French national train operator SNCF has announced it will no longer sell water in plastic bottles on its services, saying the move would reduce the waste from roughly two million drinks.

French train bars will no longer be able to see plastic bottles of water.
French train bars will no longer be able to see plastic bottles of water. Photo: BERTRAND LANGLOIS / AFP.

The plastic packaging will be replaced with recyclable cardboard for still water and aluminium for sparkling.

“Plastic is no longer fantastic,” head of consumer travel operations at the SNCF, Alain Krakovitch, wrote on Twitter on Thursday.

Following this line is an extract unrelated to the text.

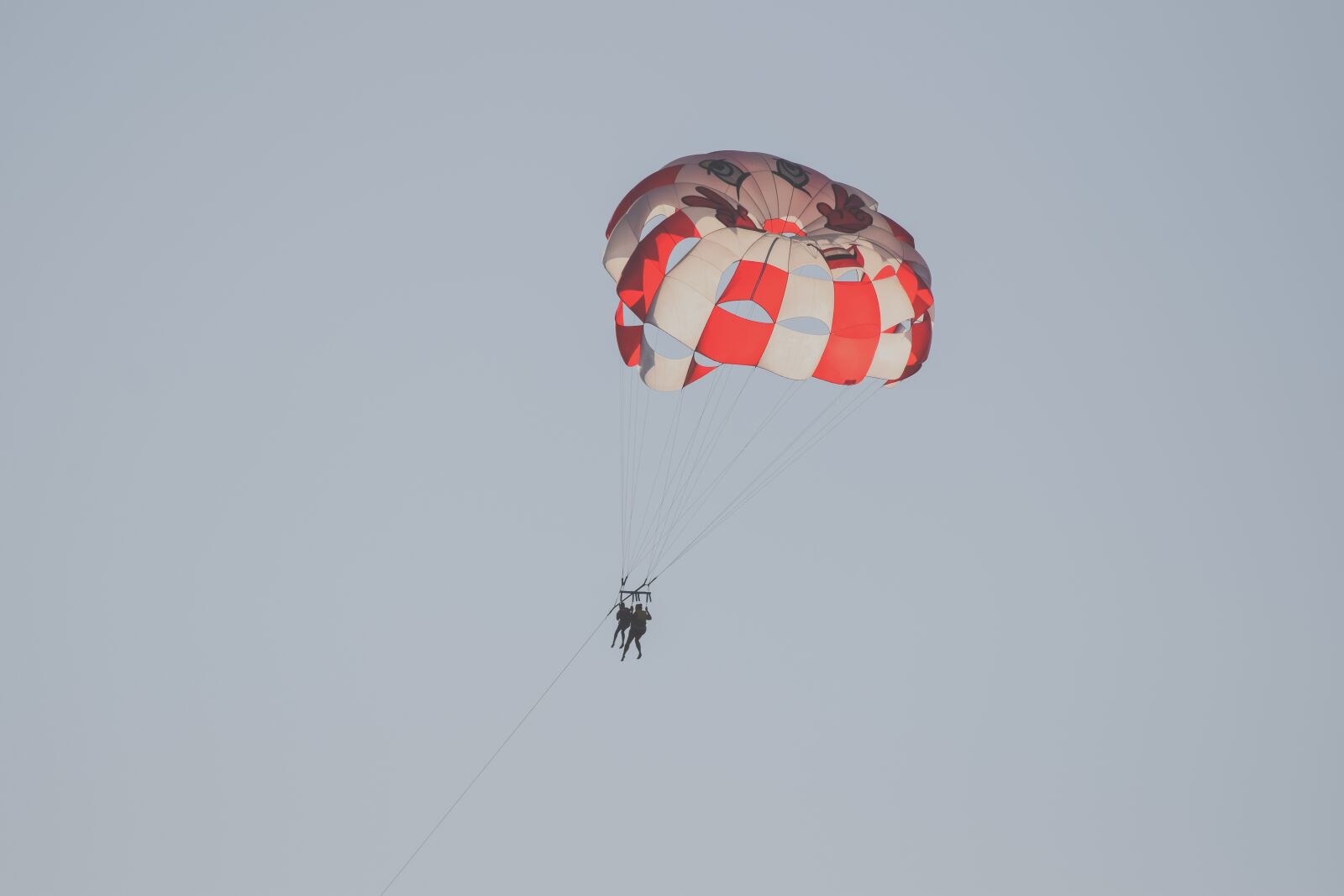 Nikon D3300 sample photo. Parachute, sky, paragliding photography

France has gradually increased restrictions on single-use packaging to help reduce waste amid growing evidence about the impact of plastic on sea life in particular.

The government announced on Monday that plastic packaging will be banned for nearly all fruit and vegetables from January next year.

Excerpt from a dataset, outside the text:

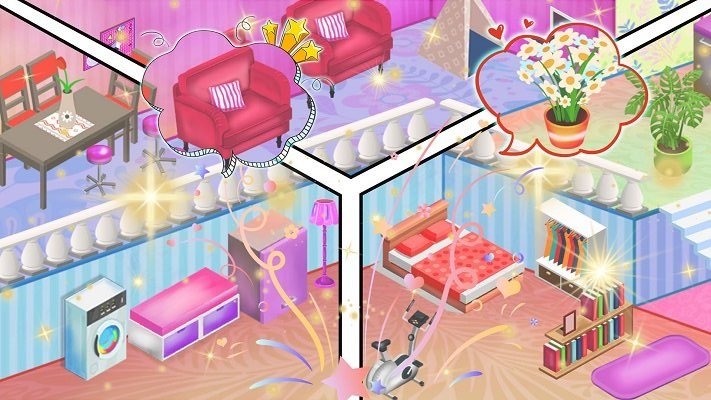 我的公主房间设计游戏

The environment ministry said that 37 percent of fruit and vegetables were sold with plastic packaging, and only the most fragile produce such as strawberries will be given an exemption on the ban until 2026.

“We use an outrageous amount of single-use plastic in our daily lives,” the ministry said in a statement, adding that it was working to cut back “the use of throwaway plastic and boost its substitution by other materials or reusable and recyclable packaging.”

Last year, France passed a wide-ranging “circular economy” law to combat waste that forbids retailers from destroying unsold clothes and will ban all single-use plastic containers by 2040.

Paris city authorities announced this week that they were aiming to eliminate all plastic from state day-care centres, canteens and retirement homes by 2026.